Sonntagmorgen · 27.03.2022 · 2 Min.
SWR
Erscheinungsdatum
27.03.2022
Sender
Podcast

Als Bundeskanzler Olaf Scholz diese Woche im Bundestag die Haushaltspläne seiner Regierung verteidigte, hat er eines ganz explizit betont: Die enormen Herausforderungen unserer Zeit lassen sich nur bewältigen, wenn der gesellschaftliche Zusammenhalt stimmt. Jeder Mensch in Deutschland müsse spüren, dass sein Beitrag wichtig sei, so Scholz. Deshalb seien faire Löhne, auskömmliche Renten, bezahlbare Mieten und gute Absicherung kein Geschenk des Staates, sondern der Kitt, der unsere Gesellschaft zusammenhält. Und da hat er ganz bestimmt recht, der Bundeskanzler. Das Problem ist nur: All das kostet Geld. Schon in normalen Zeiten wäre es teuer, in allen Bereichen für eine anständige Finanzierung zu sorgen … Ein Beispiel: Das diese Woche vorgestellte Entlastungspaket. Weil die Energiepreise explodieren, will der Staat helfen. Doch das kostet. Eine ganze Menge. Und da stellt sich natürlich die Frage: Wer zahlt die Zeche? Jeder Euro, den ich an der Tankstelle spare, fehlt an anderer Stelle - und das bedeutet: neue Schulden. Und neue Schulden bedeuten immer eine Hypothek für die nächste Generation.
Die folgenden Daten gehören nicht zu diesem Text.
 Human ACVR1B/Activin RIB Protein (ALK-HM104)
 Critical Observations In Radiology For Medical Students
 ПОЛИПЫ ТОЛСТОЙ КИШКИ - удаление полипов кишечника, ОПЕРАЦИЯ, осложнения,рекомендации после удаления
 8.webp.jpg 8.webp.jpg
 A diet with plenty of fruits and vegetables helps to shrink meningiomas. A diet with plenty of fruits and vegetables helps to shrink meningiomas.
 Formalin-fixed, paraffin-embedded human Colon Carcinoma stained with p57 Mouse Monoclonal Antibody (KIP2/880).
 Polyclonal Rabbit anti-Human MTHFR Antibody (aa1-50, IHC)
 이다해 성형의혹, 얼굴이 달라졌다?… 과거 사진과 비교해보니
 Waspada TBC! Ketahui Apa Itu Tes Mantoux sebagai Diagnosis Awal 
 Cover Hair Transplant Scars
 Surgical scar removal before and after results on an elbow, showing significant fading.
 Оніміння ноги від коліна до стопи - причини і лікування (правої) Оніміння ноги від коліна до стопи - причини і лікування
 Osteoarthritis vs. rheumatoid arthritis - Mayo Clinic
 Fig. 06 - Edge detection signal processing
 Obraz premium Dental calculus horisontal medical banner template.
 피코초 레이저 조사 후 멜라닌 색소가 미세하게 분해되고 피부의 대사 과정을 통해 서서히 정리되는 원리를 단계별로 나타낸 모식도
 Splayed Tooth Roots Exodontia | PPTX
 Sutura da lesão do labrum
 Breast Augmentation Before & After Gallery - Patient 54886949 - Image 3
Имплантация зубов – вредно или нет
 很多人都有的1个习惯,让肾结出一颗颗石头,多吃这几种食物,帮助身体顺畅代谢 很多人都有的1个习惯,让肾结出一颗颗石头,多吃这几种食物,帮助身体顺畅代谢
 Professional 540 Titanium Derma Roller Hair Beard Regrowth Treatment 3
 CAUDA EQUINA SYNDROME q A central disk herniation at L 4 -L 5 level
Zwar kommt die Entlastung natürlich auch jungen Menschen zu Gute: Der Auszubildenden, die mit dem Auto zu Arbeit pendelt oder der WG, die mit großen Augen auf die Nebenkostenabrechnung blickt. Doch am Ende sind sie es, die die Gesamt-Rechnung präsentiert bekommen. Und da fängt der Kitt, der die Gesellschaft zusammenhält, dann an zu bröckeln. Die Gefahr ist groß, dass der Kitt, mit dem man nun eilig Lücken stopft, dafür an anderer Stelle fehlt und bereits vorhandene Risse noch größer werden. Schon vor Corona und dem gegen die Ukraine war Generationengerechtigkeit ein großes Thema. Junge Menschen forderten völlig zu Recht, dass der Wohlstand jetziger Generationen nicht zu Lasten der zukünftigen gehen darf. Die aktuellen Krisen sorgen nun sicher nicht dafür, dass dieser Riss kleiner wird. Im Gegenteil. Und so kann man dem Bundeskanzler nur zustimmen: Ja - wir brauchen gesellschaftlichen Zusammenhalt. Auch über Generationen hinweg. Doch die Antwort auf die Frage, wie das auch gut gelingen kann - müssen wir wohl alle gemeinsam erst noch finden.